WTI futures are poised to open at $50.83, down 67 cents from Friday’s close.
North American Rail Traffic
Week Ending October 18, 2025
The Association of American Railroads (AAR) reported total U.S. rail traffic for the week ending October 18, 2025, at 497,854 carloads and intermodal units, down -2.6% compared with the same week last year. Total carloads for the week were 224,244, up 0.3%, while weekly intermodal volume totaled 273,610 containers and trailers, down -4.8% year-over-year.
Five of the ten major carload commodity groups posted gains compared with the same week in 2024. The largest increases were seen in nonmetallic minerals, up 3,253 carloads to 33,517; metallic ores and metals, up 1,461 carloads to 20,355; and chemicals, up 970 carloads to 32,046. Declines were led by grain, down 2,364 carloads to 21,011; miscellaneous carloads, down 1,521 to 8,413; and coal, down 1,057 to 57,604.
For the first forty-two weeks of 2025, U.S. railroads reported a cumulative volume of 9,326,053 carloads, up 2.0% compared with the same period last year. Intermodal shipments reached 11,399,777 units, an increase of 3.2% year-over-year. Combined U.S. rail traffic through the same period totaled 20,725,830 carloads and intermodal units, up 2.7% versus 2024.
Across North America, total rail traffic for the week ending October 18, 2025, amounted to 688,783 carloads and intermodal units, down 1.0% compared with last year. Carloads were unchanged at 330,151, while intermodal units fell 1.9% to 358,632. For the first forty-two weeks of the year, total North American rail volume reached 28,533,333 units, up 2.2% from 2024.

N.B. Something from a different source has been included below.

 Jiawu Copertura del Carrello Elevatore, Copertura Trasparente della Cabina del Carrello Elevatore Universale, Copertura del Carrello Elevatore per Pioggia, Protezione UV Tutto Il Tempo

In Canada, total rail traffic for the week was 163,238 carloads and intermodal units, with carloads down -2.9% to 92,310 and intermodal traffic up +5.2% to 70,928. Cumulative Canadian rail traffic through week forty-two stood at 6,802,397 units, up 1.9% year-over-year.
In Mexico, rail traffic remained notably strong. Mexican railroads reported 13,597 carloads, up 19.2%, and 14,094 intermodal units, up 33.9% compared with the same week in 2024. Total weekly traffic in Mexico reached 27,691 units, up 26.2%. Despite these gains, cumulative Mexican rail volume through the first forty-two weeks of 2025 totaled 1,005,106 units, down 4.4% from the same point last year.

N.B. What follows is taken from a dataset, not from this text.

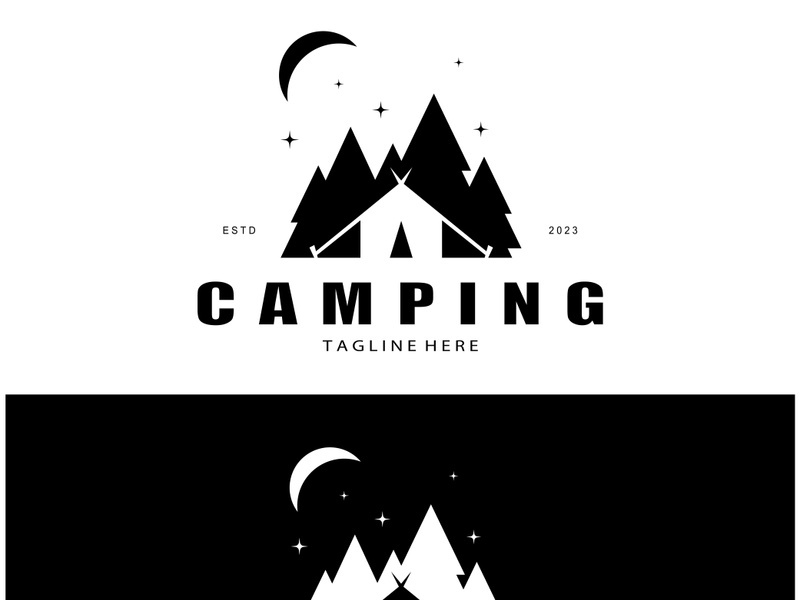 vintage and retro tent logo, camping. With tent, tree and bonfire sign. adventurers, scouts, climbers, camping equipment center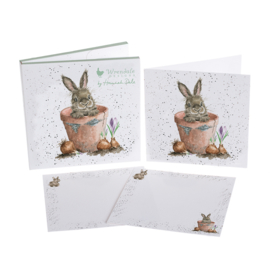 Wrendale Notecard Pack "The Flower Pot" - konijn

Source Data: AAR – PFL Analytics
North American Rig Count Summary
Rig Count
North American rig count was up by +3 rigs week-over-week. The US rig count was up by +2 rigs week-over-week, but down by -35 rigs year-over-year. The U.S. currently has 550 active rigs. Canada’s rig count was up by +1 rig week-over-week but down by -17 rigs year-over-year. Canada currently has 199 active rigs. Overall, year-over-year we are down by -52 rigs collectively.


We are watching a few things out there for you:
PFL Attended last week’s SEARS Meeting
PFL attended last week’s Southeast Association of Rail Shippers (SEARS) Fall Meeting in Buckhead, Georgia, joining industry peers, shippers, and rail partners from across the Southeast. The two-day event featured strong attendance with upwards of 400 attendees and valuable networking opportunities, with sessions covering topics such as shipper visibility, railcar leasing, government relations, and market outlooks. Keynote speakers included leaders from GMXT U.S.A., Union Pacific, GATX, and CSX, each sharing insights on rail performance and evolving supply-chain dynamics. Attendees also heard from analysts at FTR Transportation Intelligence and author Jim Davidson, who delivered an engaging motivational close to the conference. The event fostered meaningful discussions around efficiency, collaboration, and safety within the rail industry. PFL was proud to participate and remains committed to strengthening partnerships and delivering Relentless Service™ across North America. For more information as it relates to SEARS, contact PFL today.
We are Watching Cathcart
In a strategic move that signals a new chapter, Cathcart Rail is rebranding to Guardian Rail. The new name reflects a shift in the company’s philosophy and a renewed commitment to its core values of collaboration, consistency, integrity, and transparency. The change comes following the appointment of Scott Driggers on October 2, 2025. We had the pleasure of speaking with Scott about the changes he is making to the company on Thursday of last week.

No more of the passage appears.